Too much office space has been allowed to spread out of Red Deer’s downtown into Capstone, and now Riverside Light Industrial Park, says Coun. Frank Wong.
Wong was the lone dissenting voice on city council Monday: He did not agree with rezoning about 20 former light industrial properties in Riverside to a new “industrial/commercial/mixed use” zoning.
Although several Riverside property owners had been pushing for more flexibility to lease space for offices and other commercial uses, Wong believes Red Deer is spreading its office space too widely.
Just last week, he noted, council reviewed a half-million-dollar grant program to help revitalize the downtown — and now council is effectively allowing downtown companies to leave for the Riverside area, south of Parkland Mall.
“They might think, there’s lots of parking there and land is cheaper, why not move?”
Wong noted the city previously pushed light industries out of the Capstone area in hopes that new offices and commercial outlets would move in.
This hasn’t happened yet, he added. “There haven’t been any land sales” west of Carnival Cinemas — even though the city spend about $50 million on re-aligning roads, relocating utilities and improving a major intersection.
Wong fears some remaining light industries in Riverside that don’t want commercial neighbours might leave for Red Deer County.
But other councillors did not agree.
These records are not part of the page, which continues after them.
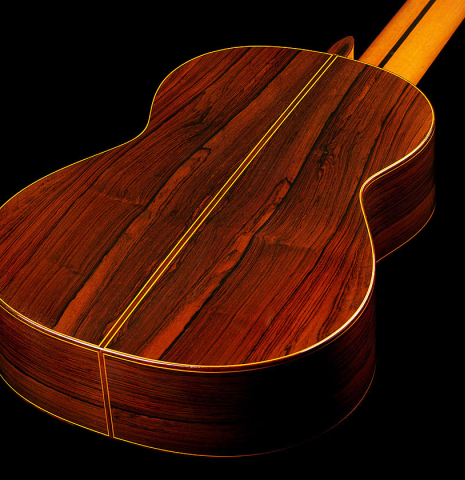 The back and sides of a 1974 Jose Ramirez "1a 8-String" classical guitar made of cedar and CSA rosewood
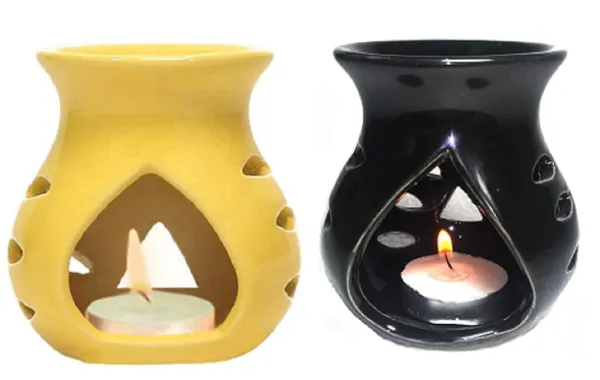 Ceramic_Clay_Candle_Operated_Aroma_Diffuser_Oil_Burner_Lamp_(Yellow_&_Black)_-Set_of_2_for_Fragrance
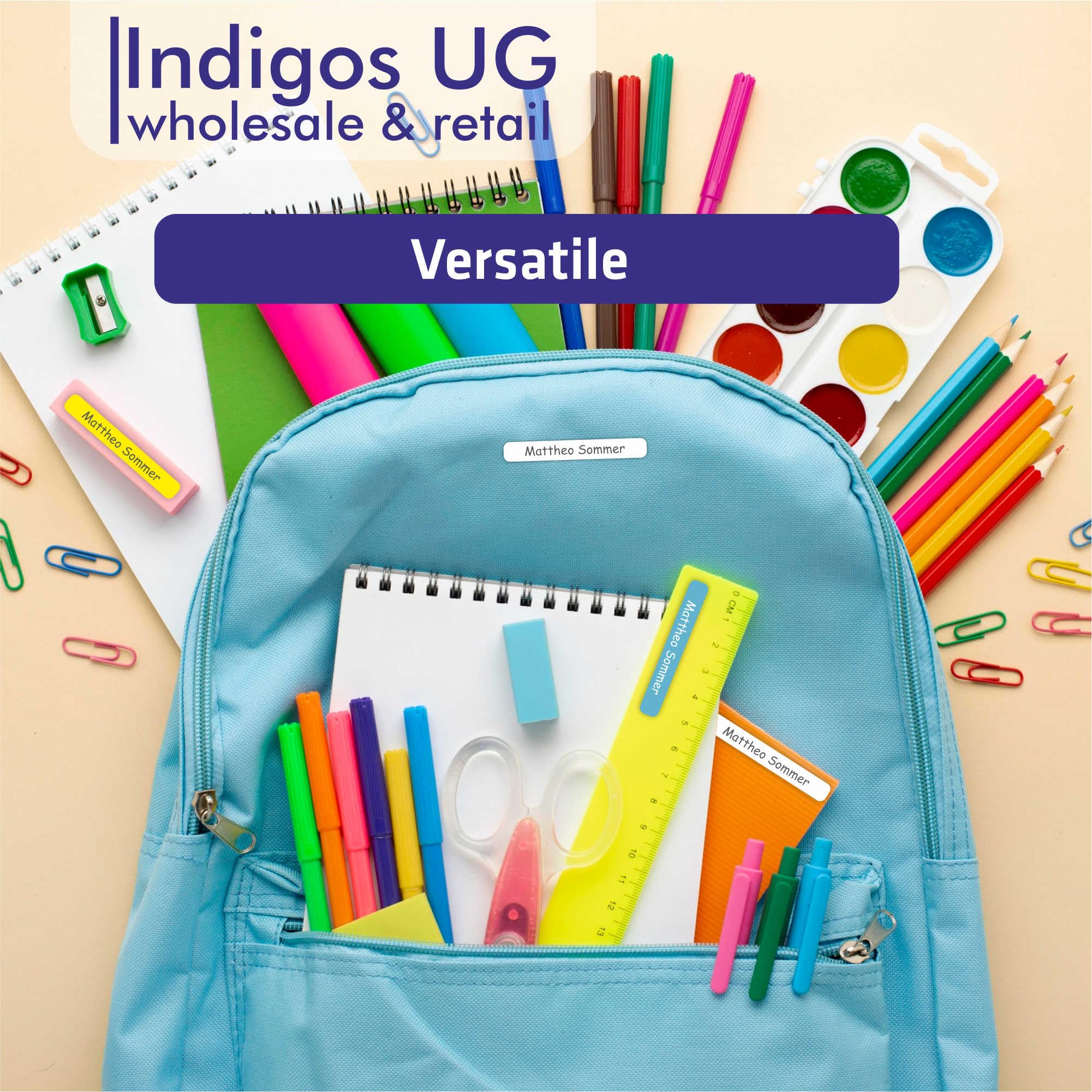 INDIGOS UG®- Adesivi con nome per bambini, scuola e asilo nido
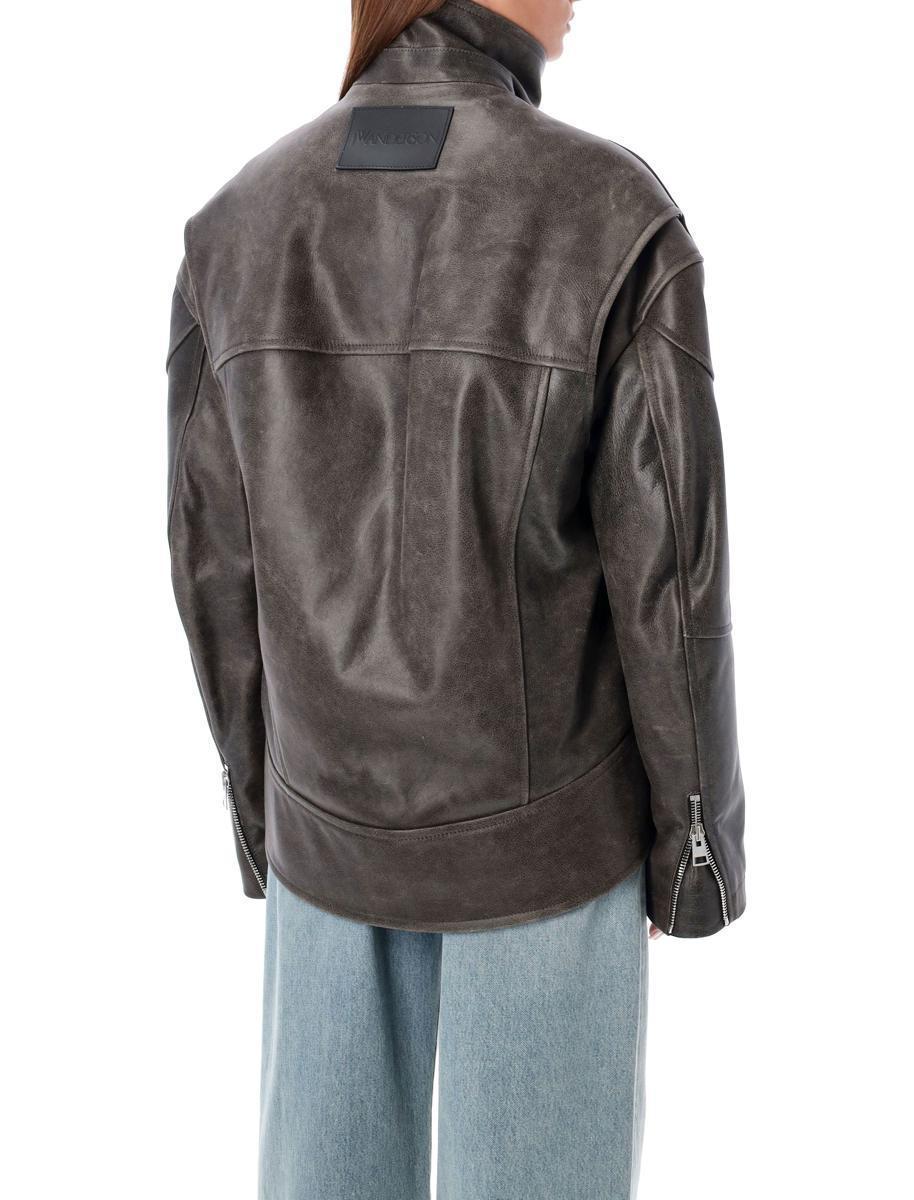 JW ANDERSON J. W. Anderson Curved Hem Leather Jacket In Brown Product Image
Flexibility is key, said Coun. Lawrence Lee, since some business owners had previously cited the city’s inflexibility as the reason they moved to the county.
He called the initial Riverside rezoning approval a “welcome and long overdue shift…. We have a vision for the downtown, but we have to appreciate that that might not be everybody’s vision,” Lee added.
In starting the rezoning process, Coun. Michael Dawe noted that city council is responding to many existing property owners in Riverside who felt some more flexibility would be helpful.
In many cases, they already had their own offices in their buildings and just wanted to be able to rent to office tenants.
Dawe believes Red Deer has enough light industrial land left for its current and foreseeable needs — “maybe not 10 to 20 years down the road…”
A public hearing on the rezoning a portion of Riverside will be held on June 24. Anyone can send written concerns to the city before that date, or email their opinions during the videotaped hearing, which can be viewed on the city’s website.